::: Materials provided

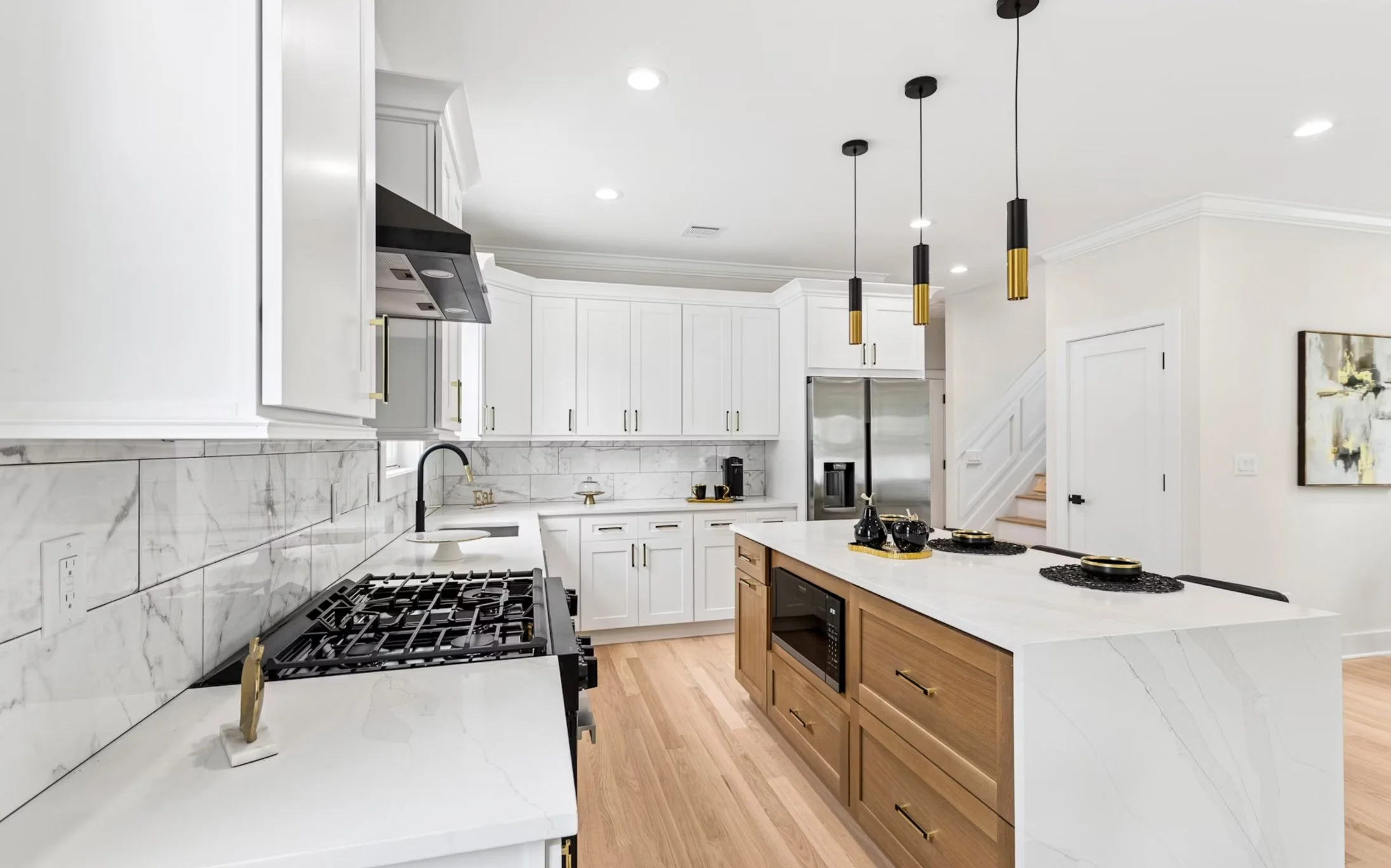 Modern kitchen with white cabinetry, marble backsplash, wooden island with built-in microwave, black pendant lights, stainless steel refrigerator, and hardwood floors.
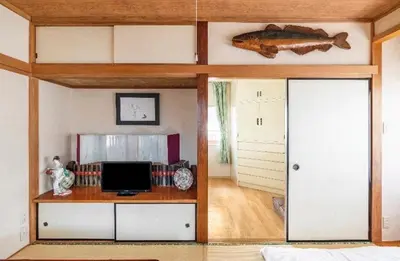 a room with a desk with a computer on it at \u677f\u6771\u30d3\u30eb in Tokyo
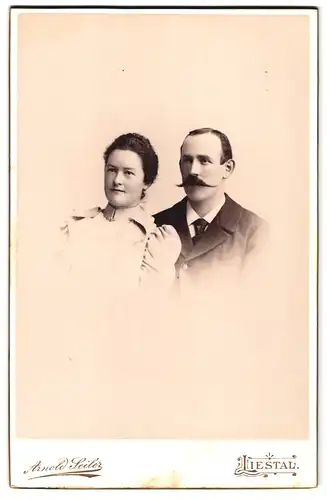 Fotografie Arnold Seiler, Liestal, vor dem oberen Thor, Portrait Frau und Mann im Kleid und Anzug mit Spitzbart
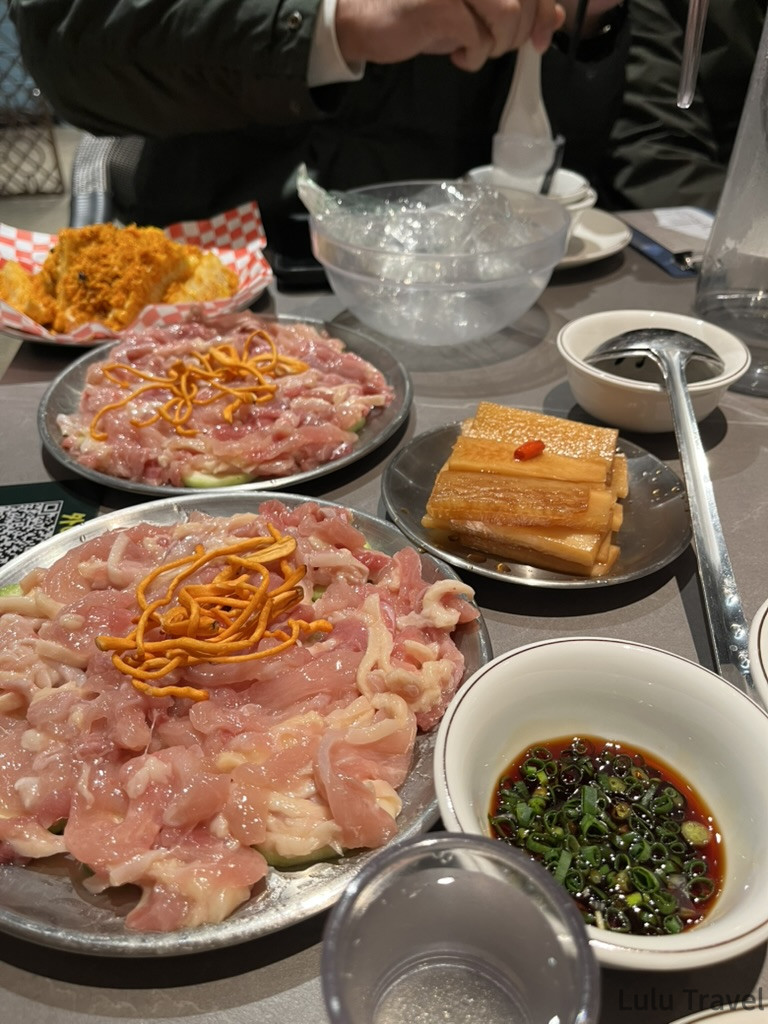 中國出差應酬飯局桌上的生豬肉火鍋食材，大盤薄切豬肉片搭配金針菇，旁附醬油蔥花沾醬與滷筍乾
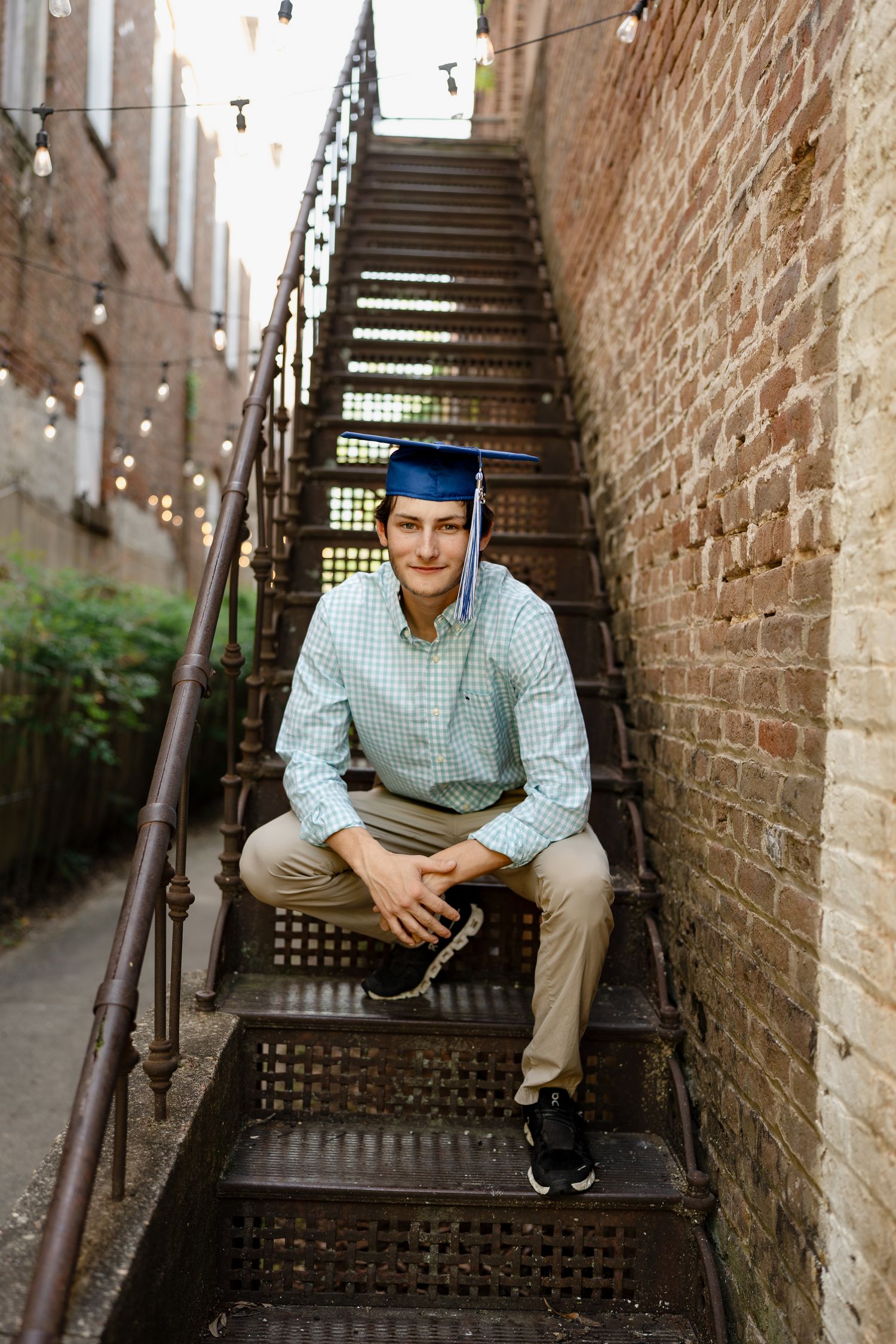 Graduate sits on industrial metal staircase during outdoor photo session.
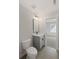 Well-lit bathroom features a modern vanity with a sleek black faucet and a framed mirror at 3003 Clayton St, Woodstock, GA 30188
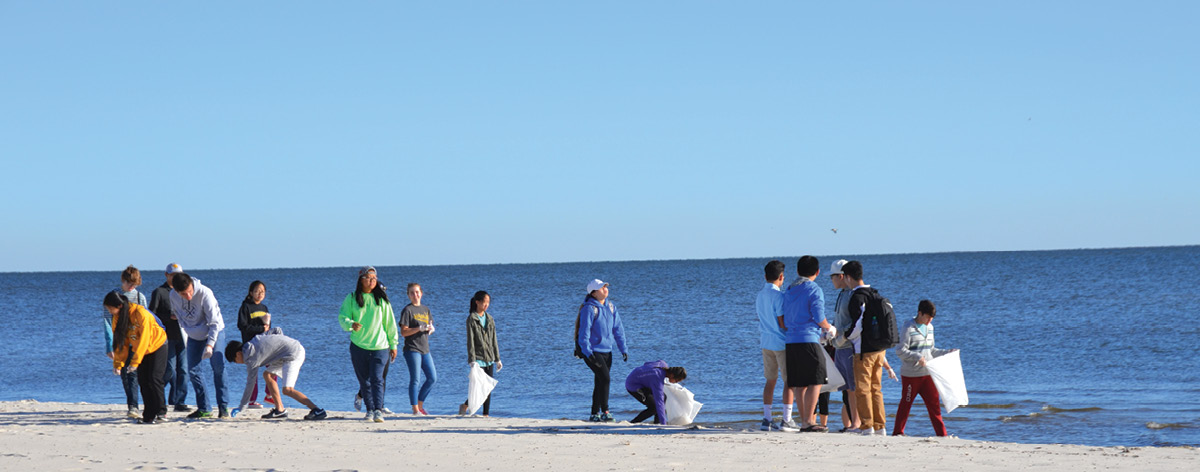 A group of people pick up debris on a beach.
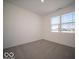 Cozy bedroom filled with natural light, featuring neutral carpeting and a large window at 120 Velvet Hat Rd, Danville, IN 46122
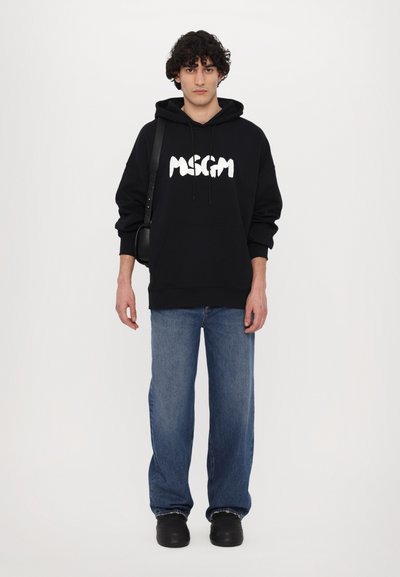 Felpa nera con cappuccio e logo grafico bianco sulla parte anteriore, abbinata a jeans larghi blu chiaro. Il modello porta anche una piccola borsa nera.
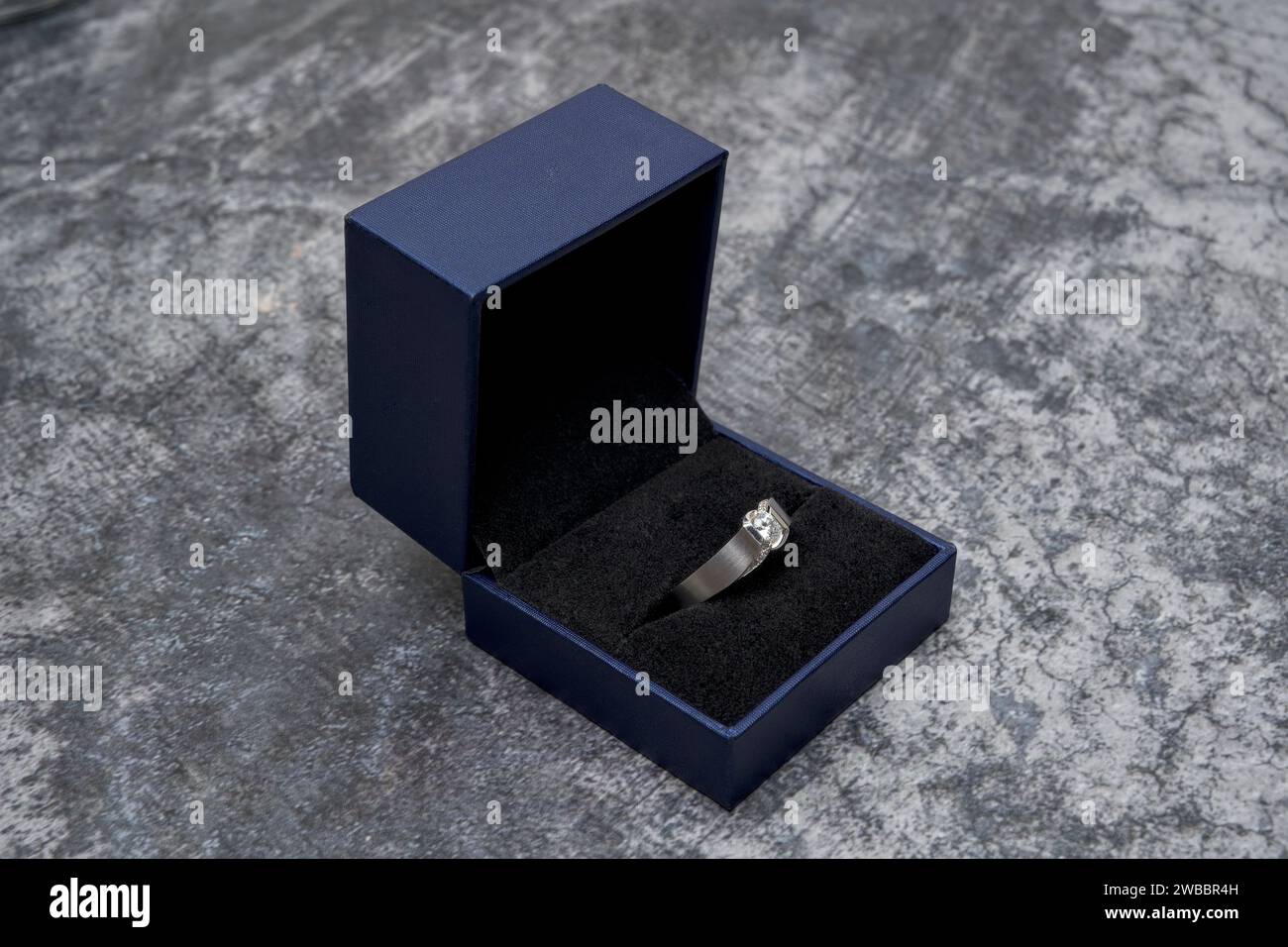 Ein Platin-Ring mit eingeschlossenen Diamanten in einem blauen Gehäuse Stockfoto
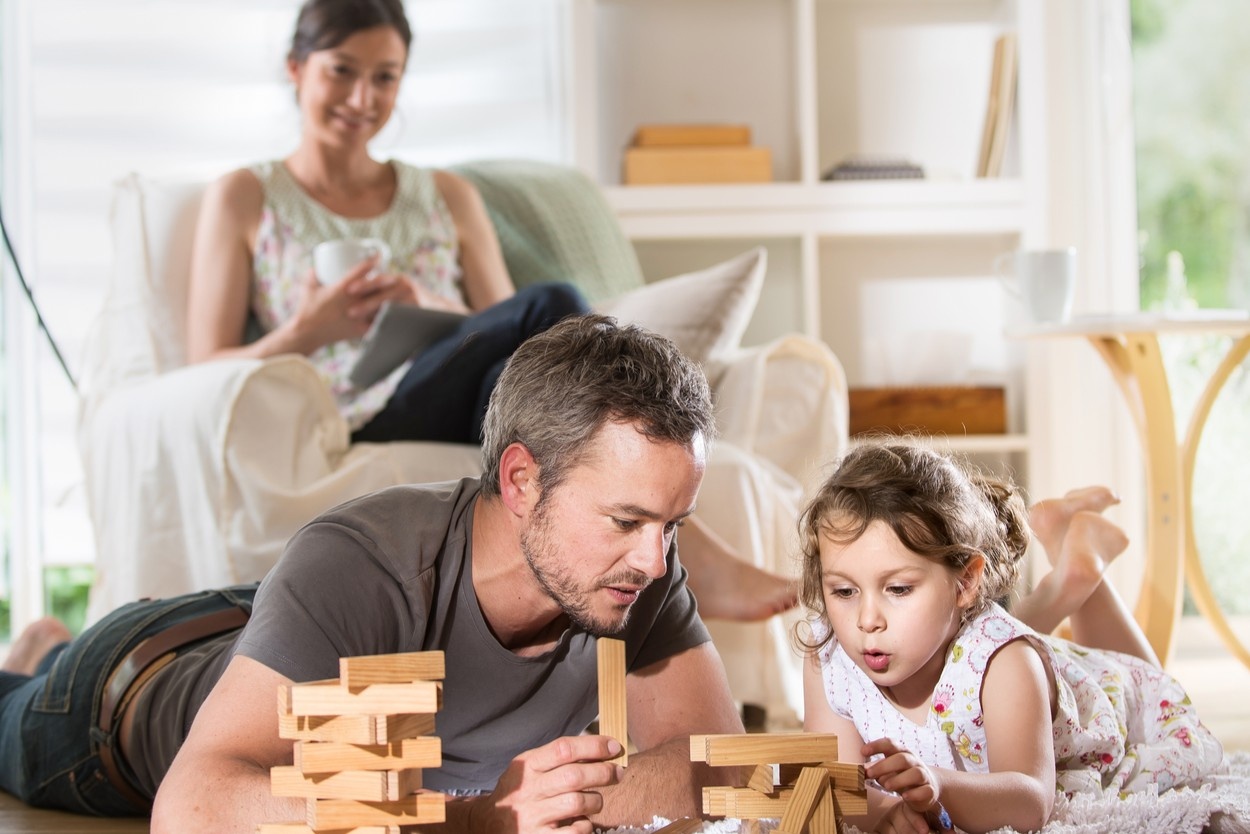 Oče in hčerka se igrata jenga stolp, v ozadju ju gleda mama.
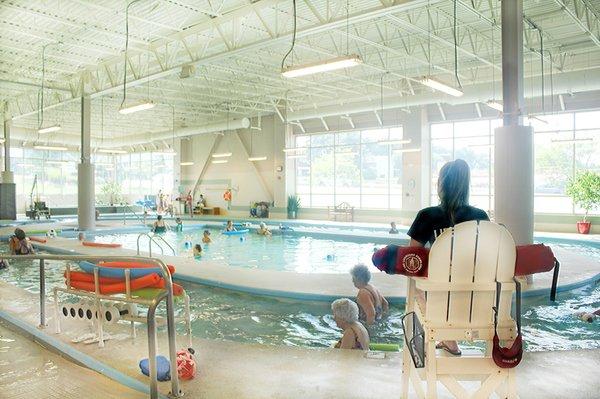 Aquatic area with river walk, lap lanes, hot tub and central pool accommodates fitness classes, therapeutic programs & swim lessons.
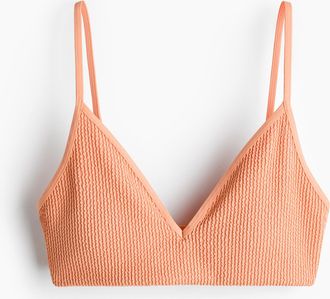 H&M Wattiertes Bikinitop - Hellorange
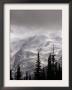 Emmons Glacier Reflects A Bit Of Sunlight As Clouds Cover The Summit Of Mount Rainier by John Froschauer Limited Edition Print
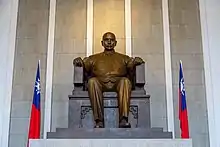 Bronze statue of man on stone chair with a Taiwan flag on either side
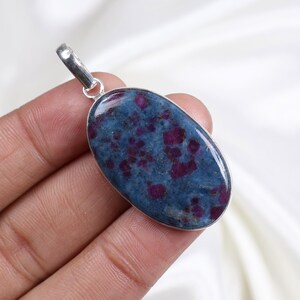 Può includere: Ciondolo ovale con anello d'argento. Il ciondolo presenta una pietra blu con inclusioni rosse. La pietra è incastonata in una lunetta d'argento. Il ciondolo è tenuto in una mano.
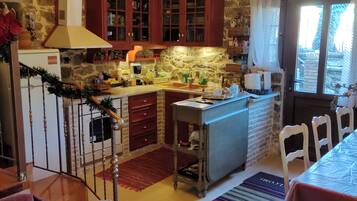 Una cocina rústica con vigas de madera, paredes de piedra y una zona de comedor con una mesa y sillas.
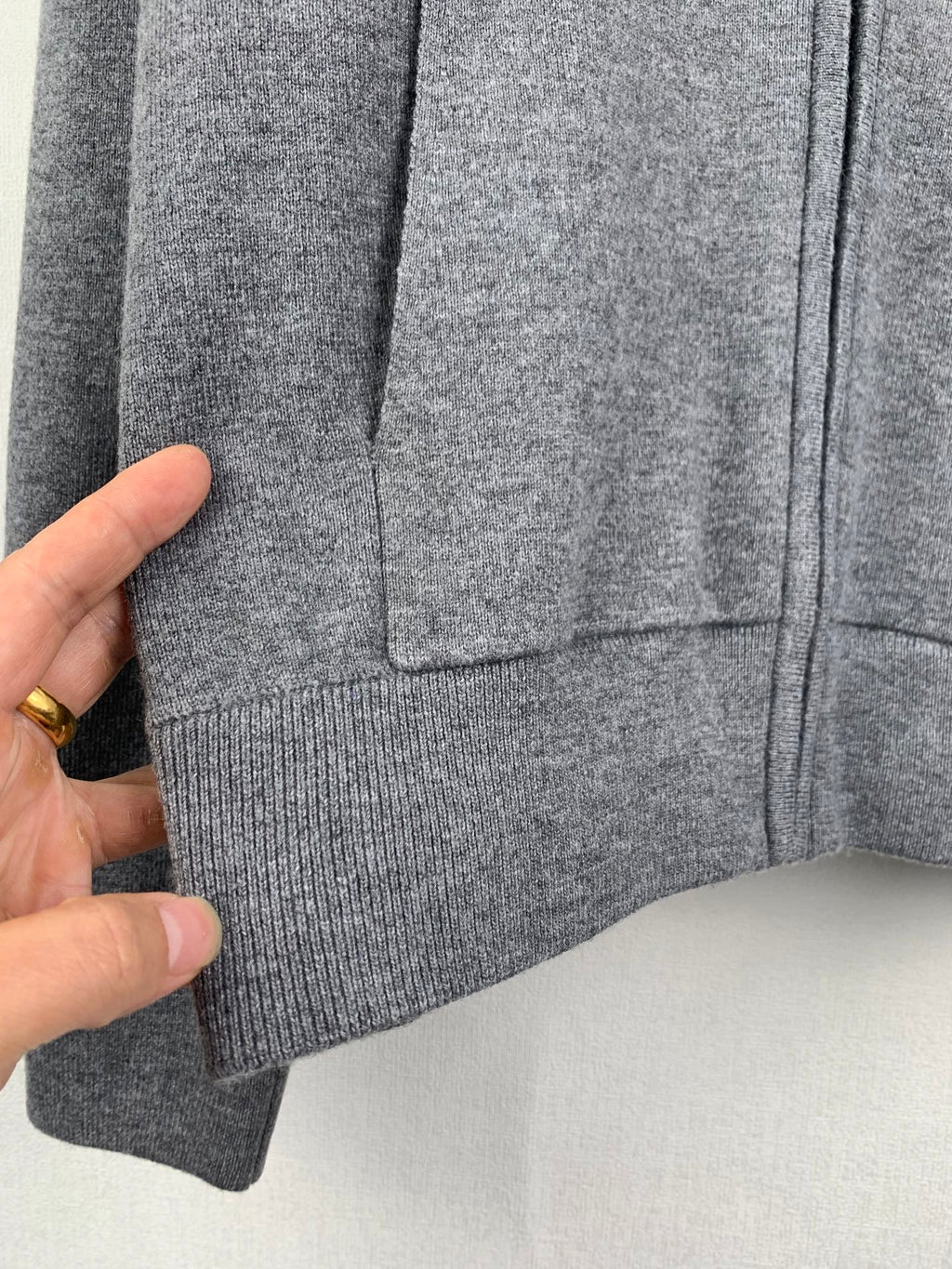 Gray hoodie hem and pocket area with ribbed bottom cuff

::::::

Required work :: Skip every picture. Repeat word for word the lines from the line holding "Bronze statue of" through the end of the entries above.

Expected answer ::
 Bronze statue of man on stone chair with a Taiwan flag on either side
 Può includere: Ciondolo ovale con anello d'argento. Il ciondolo presenta una pietra blu con inclusioni rosse. La pietra è incastonata in una lunetta d'argento. Il ciondolo è tenuto in una mano.
 Una cocina rústica con vigas de madera, paredes de piedra y una zona de comedor con una mesa y sillas.
 Gray hoodie hem and pocket area with ribbed bottom cuff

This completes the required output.